Tout ce que nous venons de dire des caractères physiques est également vrai pour les facultés et les instincts chez les animaux. Quelques voyageurs affirment que les Esquimaux cherchent à croiser les chiennes de leurs attelages avec le loup, et que les hybrides résultant de ces unions sont à la fois plus forts, plus vigoureux, mais aussi bien plus féroces que les chiens de race pure. En revanche, Burdach cite, d’après Marolles, l’exemple de semblables hybrides doux et maniables comme des chiens, et dont la souche sauvage ne se trahissait que par leur goût vorace pour la viande. Parfois dans la même famille on rencontre les deux extrêmes, et les deux espèces que nous venons de citer fournissent encore un exemple curieux de ce mélange. Le croisement d’un chien et d’une louve produisit deux mâles semblables à la mère par la forme, par les mouvemens, par l’aversion pour les hommes et les chiens. Une femelle de la même portée avait une tête de chien, se plaisait avec les individus de l’espèce paternelle, et avait pour les hommes beaucoup moins d’aversion que ses frères. Burdach, qui rapporte ce fait d’après Masch, emprunte au même auteur un fait tout semblable présenté par une famille de métis ayant pour père un sanglier et pour mère une truie. Ces faits et bien d’autres que nous pourrions ajouter encore trouveront leur application à l’histoire de l’homme.

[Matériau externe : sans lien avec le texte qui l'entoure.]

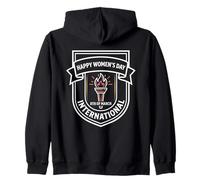 Happy Women's Day - Badge Classique et Blason Style Sweat à Capuche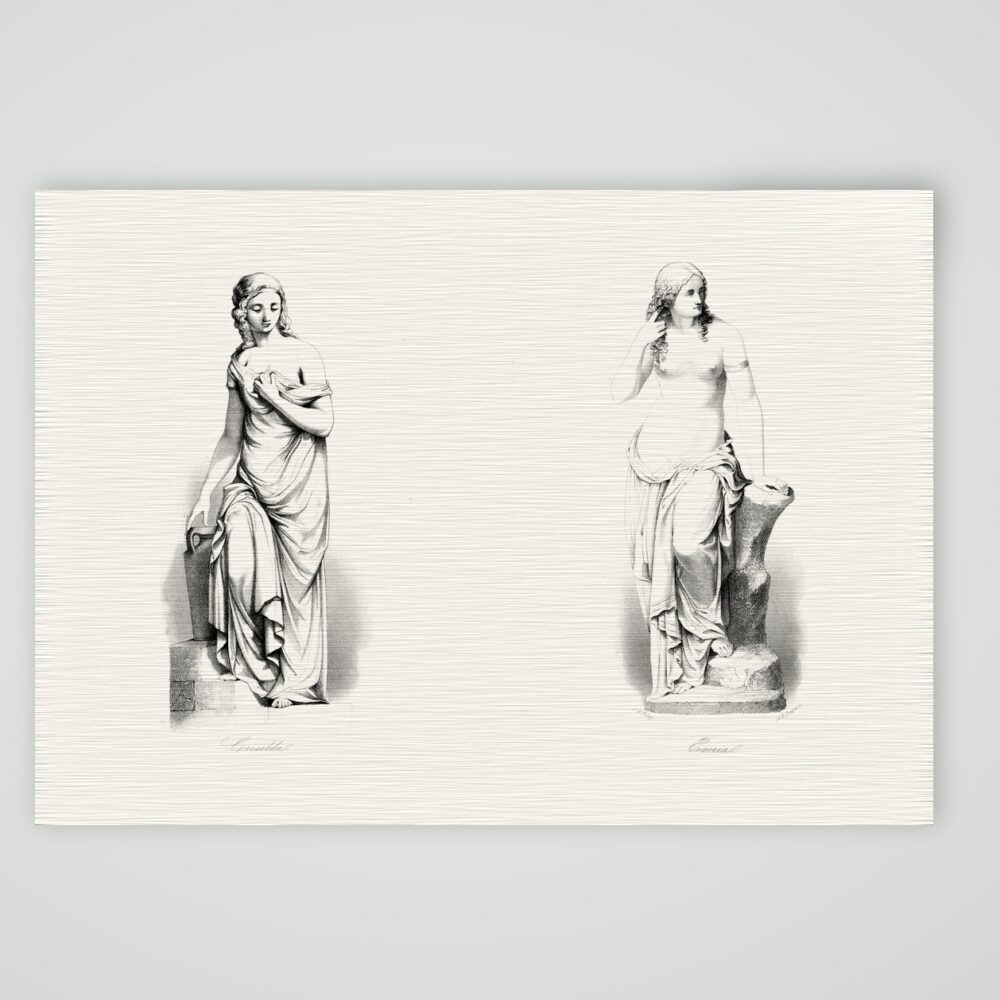 Griselda und Egeria – zwei Statuen – Stahlstich, Kunstdruck auf Leinenpapier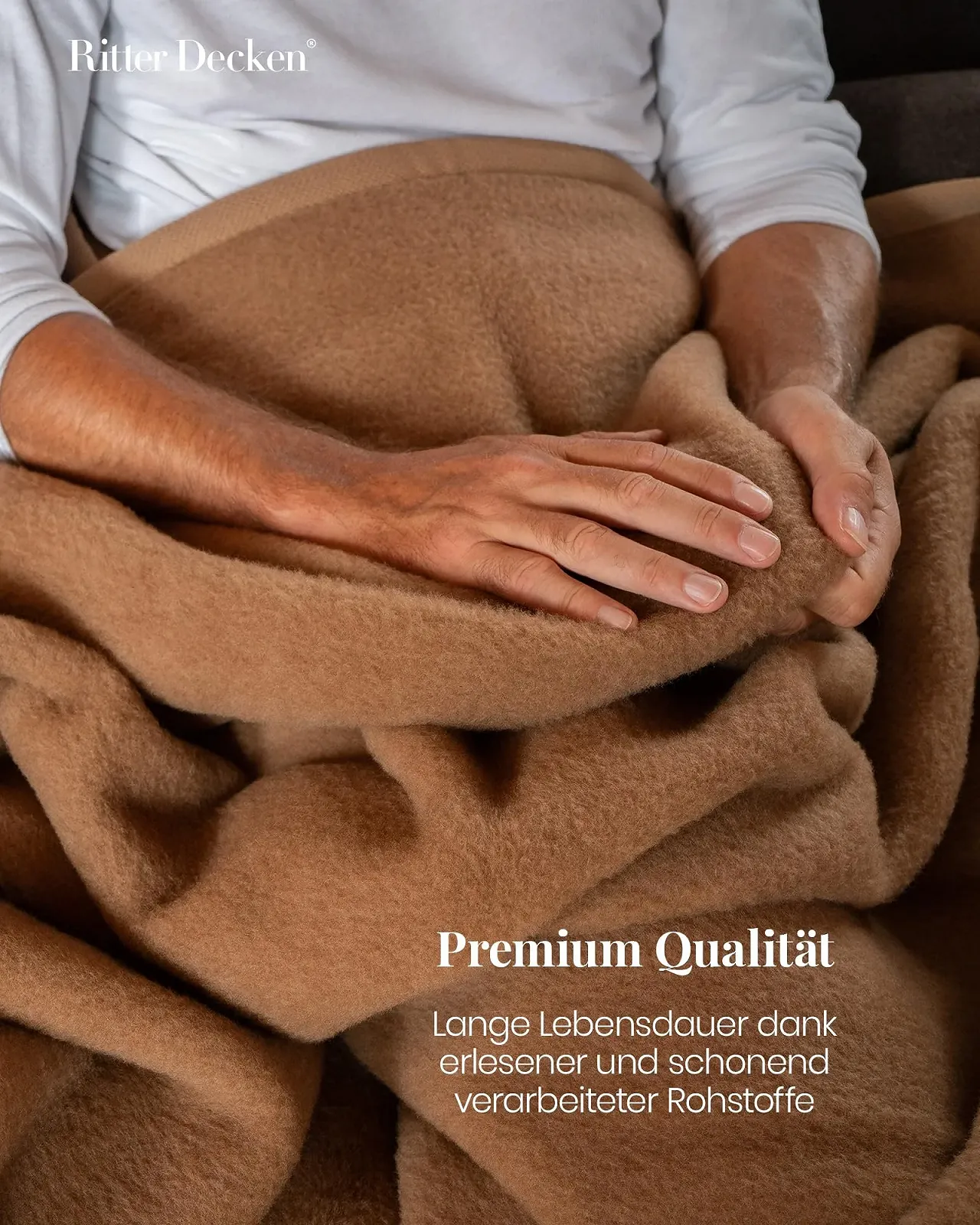 Покривало Ritter Decken Maharadscha Верблюжа Шерсть 150 x 220 см - Верблюжий колір, фото №4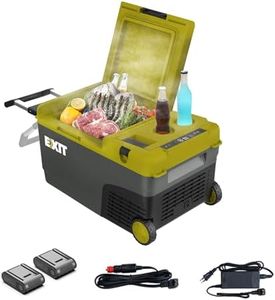 EXIT 20V Outdoor mini refrigerator EX100, battery powered electric cooler -4°F to 68°F, 12/24V DC 100~240 Volt AC for Outside Camping, Tailgating, Includes two Replaceable 4.0 Ah Batteries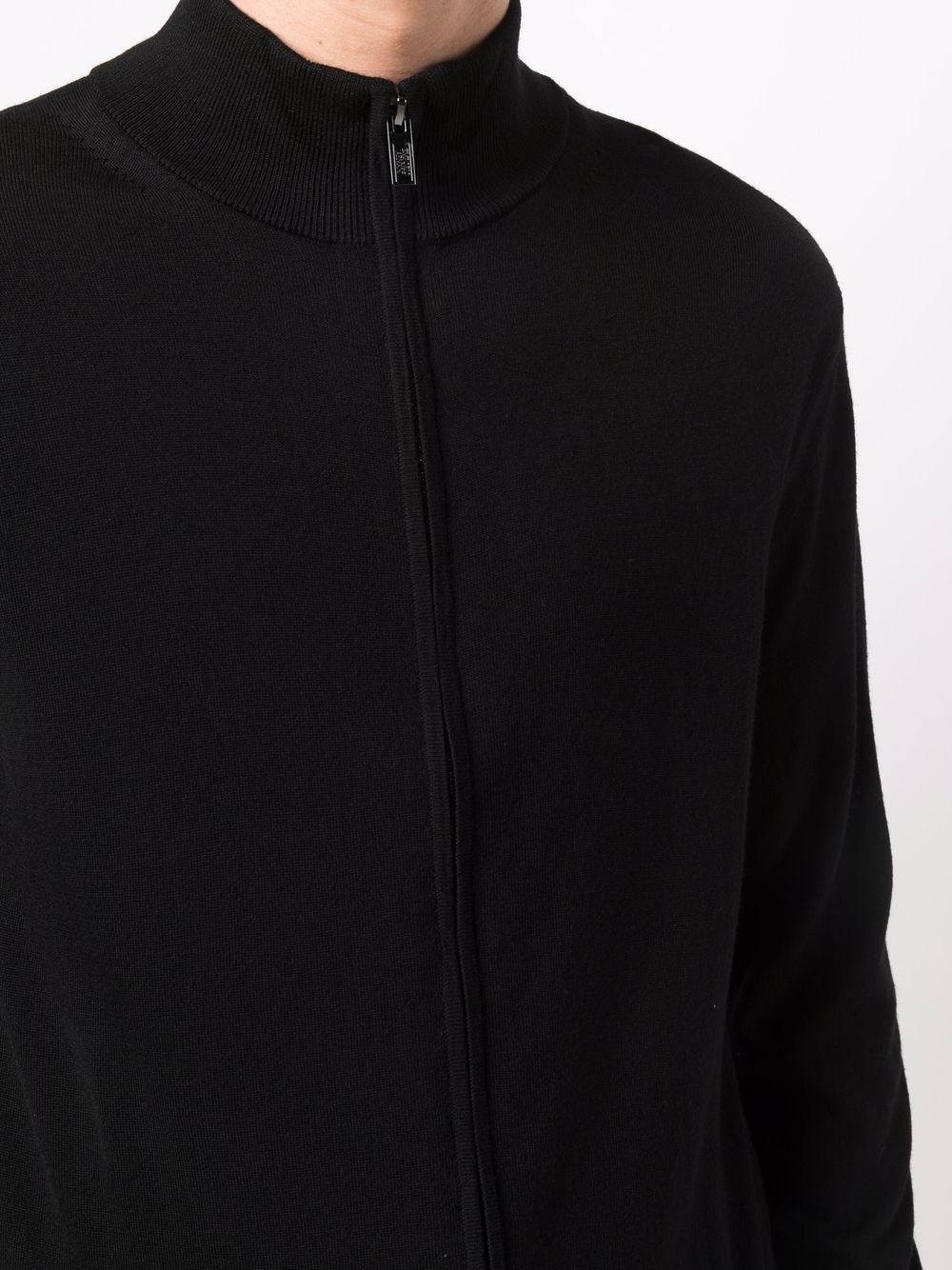 zipped-front virgin wool pullover - 5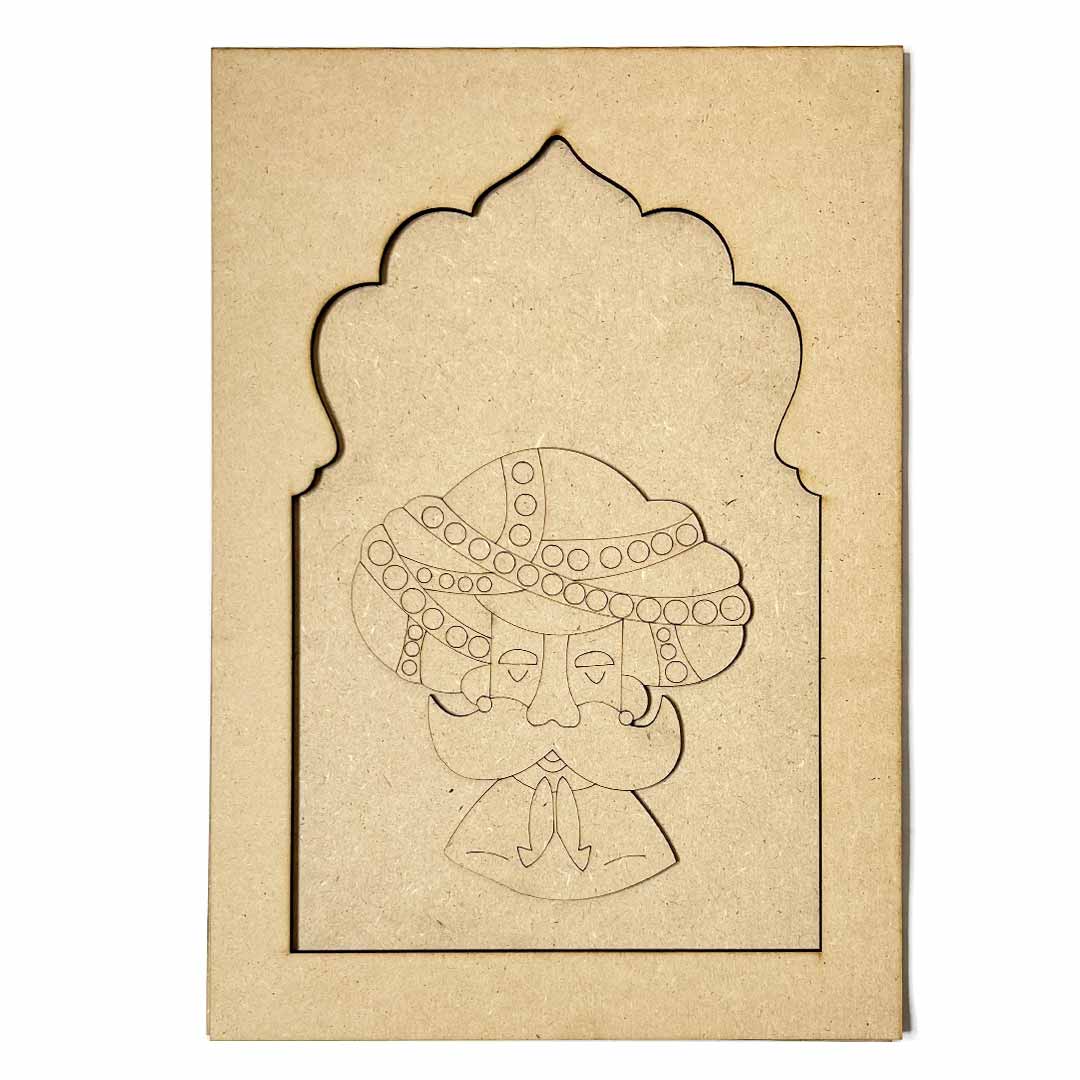 Jharokha With Padharo Sa and Ram Ram Sa Mdf Cutout 13 inches Set of 2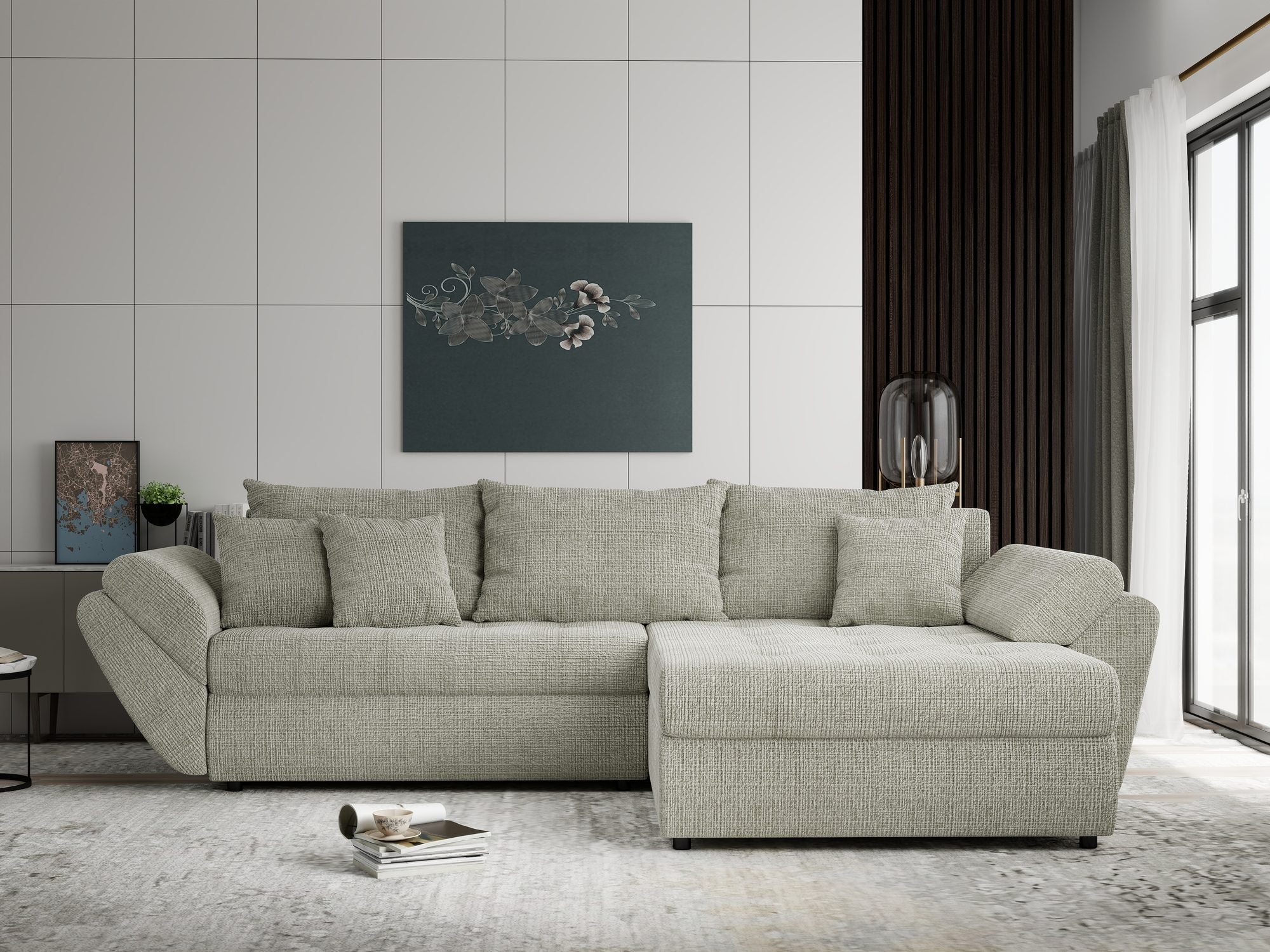 Colțar extensibil dumonde cu ladă de depozitare si sezut confortabil din spuma high-density, Loana Cremona Bej II 270x185 cm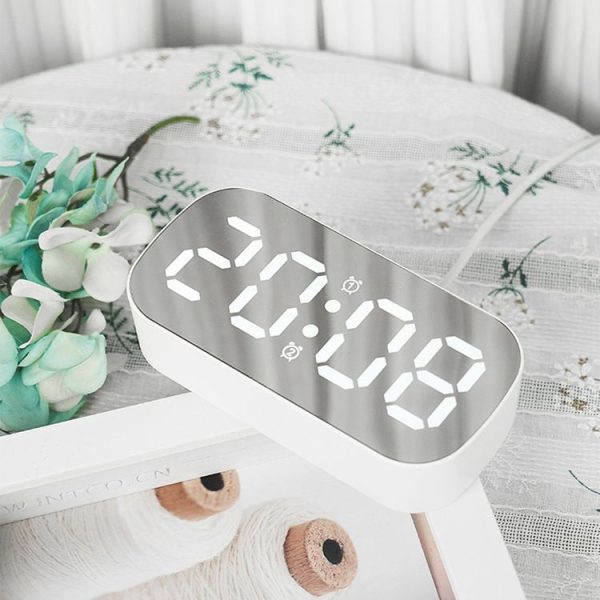 6637 LED Digital Display Temperature Electronic Clock Desktop Mirror Alarm Clock (Black Green Light) - Image 6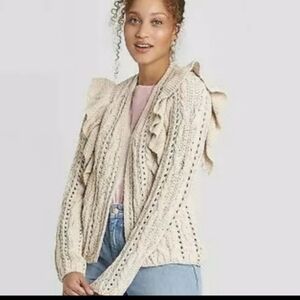 Universal Thread Cable Knit Chunky Ruffle Open Front Cardigan Sweater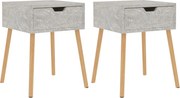 vidaXL Dulapuri noptieră, 2 buc, gri beton, 40x40x56 cm,lemn prelucrat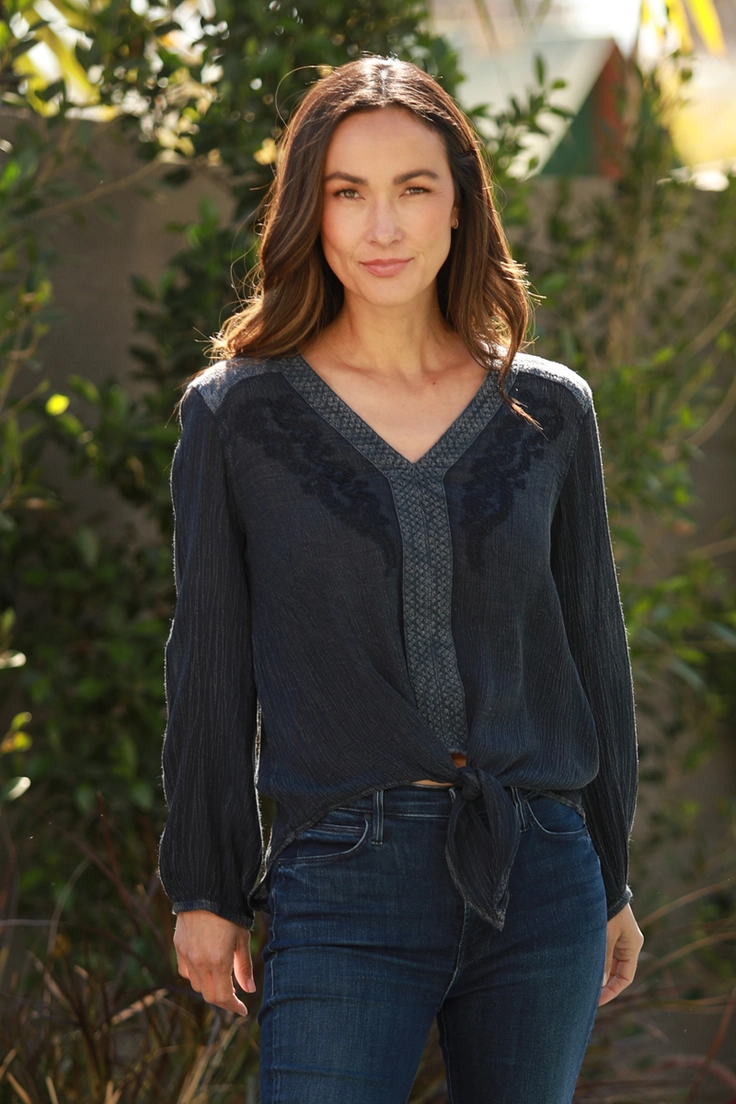 Tie Waist Embroidered Top
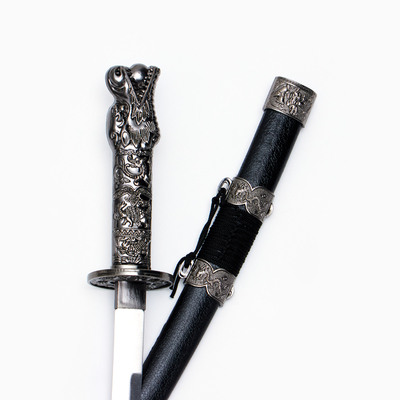 Макет оружия «Сувенирные катаны на подставке 3в1. Голова дракона», подарочный набор, ножны кожзам, чёрный, 45 см; 52 см; 61 см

Abordons maintenant et étudions avec quelque détail la question la plus intéressante sans contredit de celles qui se rattachent à la transmission des facultés que possèdent les parens. Les métis, les hybrides sont-ils féconds, et le sont-ils également ? Peuvent-ils aussi bien les uns que les autres se marier entre eux et donner ainsi naissance à des séries de générations dont une paire, métisse

  1. Je pourrais multiplier considérablement les citations relatives aux variations nombreuses que présente l’hérédité sous le rapport du mode de transmission des caractères ; mais les quelques exemples cités suffiront, je pense. Les lecteurs curieux de connaître un plus grand nombre de faits les trouveront pour la plupart réunis dans les ouvrages de MM. Geoffroy, Godron, Prosper Lucas, et dans le Traité de Physiologie de Burdach.